Le probleme c'est que quand je fais la manipulation, mon ipod devient noir, et il n'y a pas ecrit le message sur itunes (itunes a detecté un ipod en mode de recuperation) sur itunes, sa fait comme si mon ipod est pas connecté! Est sur quickfreedom il m'indique que mon ipod n'est pas connecté! J'avoue en plus que mon ipod était jailebreaké et que c'est horrible de ne plus pouvoir le faire, c'est comme donner de l'argent a un sdf et aprés, le reprendre imaginez comment le sdf doit etre degouté!


----------



## Anonyme (7 Juin 2009)

thepunkk a dit:


> Le probleme c'est que quand je fais la manipulation, mon ipod devient noir, et il n'y a pas ecrit le message sur itunes (itunes a detecté un ipod en mode de recuperation) sur itunes, sa fait comme si mon ipod est pas connecté! Est sur quickfreedom il m'indique que mon ipod n'est pas connecté! J'avoue en plus que mon ipod était jailebreaké et que c'est horrible de ne plus pouvoir le faire, c'est comme donner de l'argent a un sdf et aprés, le reprendre imaginez comment le sdf doit etre degouté!

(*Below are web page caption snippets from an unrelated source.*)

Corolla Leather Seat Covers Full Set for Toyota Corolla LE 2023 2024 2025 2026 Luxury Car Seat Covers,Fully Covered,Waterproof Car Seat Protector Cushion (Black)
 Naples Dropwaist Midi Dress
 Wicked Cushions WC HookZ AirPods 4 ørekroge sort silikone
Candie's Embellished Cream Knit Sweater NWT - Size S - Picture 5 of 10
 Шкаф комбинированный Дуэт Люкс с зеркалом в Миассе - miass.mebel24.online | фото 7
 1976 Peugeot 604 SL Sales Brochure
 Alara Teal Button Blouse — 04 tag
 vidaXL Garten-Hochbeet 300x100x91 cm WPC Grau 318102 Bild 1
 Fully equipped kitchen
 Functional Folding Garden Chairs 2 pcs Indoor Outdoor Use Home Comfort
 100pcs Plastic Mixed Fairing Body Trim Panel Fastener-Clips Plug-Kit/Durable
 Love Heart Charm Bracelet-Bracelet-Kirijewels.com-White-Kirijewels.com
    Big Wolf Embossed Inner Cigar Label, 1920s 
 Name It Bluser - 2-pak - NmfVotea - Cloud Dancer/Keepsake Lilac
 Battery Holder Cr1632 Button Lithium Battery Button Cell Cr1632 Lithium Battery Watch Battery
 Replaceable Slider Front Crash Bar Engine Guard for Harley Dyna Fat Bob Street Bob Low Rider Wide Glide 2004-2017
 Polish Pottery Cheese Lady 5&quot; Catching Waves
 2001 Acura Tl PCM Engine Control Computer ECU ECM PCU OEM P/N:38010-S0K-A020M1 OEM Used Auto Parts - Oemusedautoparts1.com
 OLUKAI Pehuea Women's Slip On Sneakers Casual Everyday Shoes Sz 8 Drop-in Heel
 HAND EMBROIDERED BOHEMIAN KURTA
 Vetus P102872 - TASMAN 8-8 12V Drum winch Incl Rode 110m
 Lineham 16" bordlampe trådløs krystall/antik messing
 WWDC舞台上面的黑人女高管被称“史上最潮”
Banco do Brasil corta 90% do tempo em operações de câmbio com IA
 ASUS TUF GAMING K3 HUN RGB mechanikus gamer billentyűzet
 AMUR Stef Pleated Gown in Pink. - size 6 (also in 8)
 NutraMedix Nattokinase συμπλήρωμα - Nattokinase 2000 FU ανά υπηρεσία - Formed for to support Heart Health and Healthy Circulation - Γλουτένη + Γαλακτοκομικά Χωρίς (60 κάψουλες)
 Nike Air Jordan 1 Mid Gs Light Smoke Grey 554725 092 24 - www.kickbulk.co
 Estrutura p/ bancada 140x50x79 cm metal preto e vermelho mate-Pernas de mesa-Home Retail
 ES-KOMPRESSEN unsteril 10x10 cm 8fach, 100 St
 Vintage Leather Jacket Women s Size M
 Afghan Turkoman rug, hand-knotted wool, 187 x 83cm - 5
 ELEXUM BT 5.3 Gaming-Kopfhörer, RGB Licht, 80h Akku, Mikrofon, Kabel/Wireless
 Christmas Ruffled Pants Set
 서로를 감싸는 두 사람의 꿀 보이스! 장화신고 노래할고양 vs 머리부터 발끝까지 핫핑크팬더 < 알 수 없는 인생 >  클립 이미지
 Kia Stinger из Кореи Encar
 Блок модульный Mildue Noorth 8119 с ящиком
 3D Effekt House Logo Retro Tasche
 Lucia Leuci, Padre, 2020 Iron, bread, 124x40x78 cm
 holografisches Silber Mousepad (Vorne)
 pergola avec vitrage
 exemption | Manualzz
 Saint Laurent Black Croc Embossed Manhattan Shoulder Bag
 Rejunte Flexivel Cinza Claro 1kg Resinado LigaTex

Ecoute, je suis certain que ton Ipod est récupérable!

Mais ton excuse est ridicule! Les risque du Jailbreak sont connus. C'est comme si le SDF avait été miser tout son argent dans une course de cheveaux et a tout perdu! Si en plus il vient réclamer son argent, je n'écoute plus le SDF!

Je suis un peu dur dans mes propos car je suis convaincu qu'avec de la patience tu récupéreras ton Ipod, mais ne viens pas râler des problemes du Jailbreak!


----------



## thepunkk (7 Juin 2009)

Mais comment pourrai-je faire pour réparer ce probleme?


----------



## thepunkk (14 Juin 2009)

désolé pour cette reponse tardive, j'ai rencontré pas mal de probleme quand j'ai reformaté mon pc, maintenant tous vas bien, j'ai reussi a mettre mon ipod en mode dfu, il devais y avoir un probleme avant.
merci de votre aide a tous!


----------



## Anonyme (14 Juin 2009)

thepunkk a dit:


> désolé pour cette reponse tardive, j'ai rencontré pas mal de probleme quand j'ai reformaté mon pc, maintenant tous vas bien, j'ai reussi a mettre mon ipod en mode dfu, il devais y avoir un probleme avant.
> merci de votre aide a tous!



Ok suis super content pour toi..

Comme quoi, je l'avais dit, il est impossible de ruiner son Ipod/Iphone par manips, il exite toujours une solution pour le récupérer!


----------